Now that's a segue! :lol:
Sounds like one heck of a regime for all of you. When the time comes, roller blades. Winter time skijoring? All that pounding on the pavement may eventually come along later on as arthritis. That it's showing up now as heal spurs and shin splints and such in a warning I think, don't you?
The running is good over all for all of you but I would want to change that impact issue. There is no better way of burning off that excess energy in a dog them a good long run. There is also a mental aspect to excersizing a dog too. Obsticles are great and problem solving aswell. Finding a dogs motivation is key. Once you do it's only a matter of designing the excersize to use the motivation.
I was unsure of that before I started but once done, the dog is tired. It's hard work to figure things out and it's that focus that does it. Like the way your dogs work together in hunting. It's the thinking it through that provides the challenge and the reward when it works the way they anticipate.

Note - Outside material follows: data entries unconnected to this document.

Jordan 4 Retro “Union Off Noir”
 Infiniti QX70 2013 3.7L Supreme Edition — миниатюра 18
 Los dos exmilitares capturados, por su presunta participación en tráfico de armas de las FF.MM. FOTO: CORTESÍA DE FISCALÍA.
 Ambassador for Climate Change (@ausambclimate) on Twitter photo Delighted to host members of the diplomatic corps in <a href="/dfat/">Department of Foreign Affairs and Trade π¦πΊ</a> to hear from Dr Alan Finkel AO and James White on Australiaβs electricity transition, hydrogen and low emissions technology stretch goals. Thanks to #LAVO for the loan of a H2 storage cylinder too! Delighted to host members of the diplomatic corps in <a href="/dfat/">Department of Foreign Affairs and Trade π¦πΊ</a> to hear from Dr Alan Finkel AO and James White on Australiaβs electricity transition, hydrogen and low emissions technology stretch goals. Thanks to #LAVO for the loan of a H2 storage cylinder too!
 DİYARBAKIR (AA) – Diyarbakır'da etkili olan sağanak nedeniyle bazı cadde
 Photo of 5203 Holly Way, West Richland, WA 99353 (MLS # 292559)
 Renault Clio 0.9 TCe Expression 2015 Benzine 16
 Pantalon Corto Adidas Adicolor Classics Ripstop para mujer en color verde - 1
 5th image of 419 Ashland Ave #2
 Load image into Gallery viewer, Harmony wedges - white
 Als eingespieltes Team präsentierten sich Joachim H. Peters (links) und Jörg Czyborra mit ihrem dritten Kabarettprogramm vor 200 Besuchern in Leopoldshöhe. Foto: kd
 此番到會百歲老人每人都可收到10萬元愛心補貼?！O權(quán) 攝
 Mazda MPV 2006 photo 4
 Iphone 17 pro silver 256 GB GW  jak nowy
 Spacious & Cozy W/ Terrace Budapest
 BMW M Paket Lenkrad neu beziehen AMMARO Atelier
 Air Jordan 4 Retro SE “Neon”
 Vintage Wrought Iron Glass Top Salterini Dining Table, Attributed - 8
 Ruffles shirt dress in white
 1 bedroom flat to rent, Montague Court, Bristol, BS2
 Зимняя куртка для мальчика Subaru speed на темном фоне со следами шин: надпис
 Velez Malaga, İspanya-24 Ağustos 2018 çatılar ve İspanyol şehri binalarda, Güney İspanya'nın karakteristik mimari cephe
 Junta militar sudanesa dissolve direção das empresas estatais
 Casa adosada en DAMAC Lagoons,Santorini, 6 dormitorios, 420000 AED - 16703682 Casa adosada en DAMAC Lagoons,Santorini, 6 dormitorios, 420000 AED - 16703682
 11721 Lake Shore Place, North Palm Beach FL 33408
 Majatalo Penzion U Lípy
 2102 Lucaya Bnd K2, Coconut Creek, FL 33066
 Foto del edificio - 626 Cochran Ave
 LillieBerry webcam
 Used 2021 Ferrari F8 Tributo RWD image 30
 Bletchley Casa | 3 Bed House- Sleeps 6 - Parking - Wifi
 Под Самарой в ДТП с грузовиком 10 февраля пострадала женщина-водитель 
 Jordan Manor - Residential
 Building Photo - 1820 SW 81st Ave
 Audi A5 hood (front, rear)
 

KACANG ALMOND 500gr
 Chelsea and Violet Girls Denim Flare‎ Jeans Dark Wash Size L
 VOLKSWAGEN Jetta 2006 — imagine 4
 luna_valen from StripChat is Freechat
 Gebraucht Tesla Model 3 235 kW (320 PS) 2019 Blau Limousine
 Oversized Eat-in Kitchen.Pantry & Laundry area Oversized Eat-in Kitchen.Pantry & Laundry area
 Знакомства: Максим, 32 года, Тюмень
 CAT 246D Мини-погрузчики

The protection training you have incorporated is geared to that mental excersize nicely. I would if you don't already aspects like searching by sight, smell and sound, the obsticles to the apprehencion can be set so that only using a specific skill or set of skills depending on level of ability in the dog.
There is an old barn out in Oakville that I used for training in pitch black and using planks and crates to build levels that have to be traversed that in part go away from the target. So my dog has to understand that it's finding the route to the target is the activity rather than jumping and barking.
How are they at regular day to day obedience?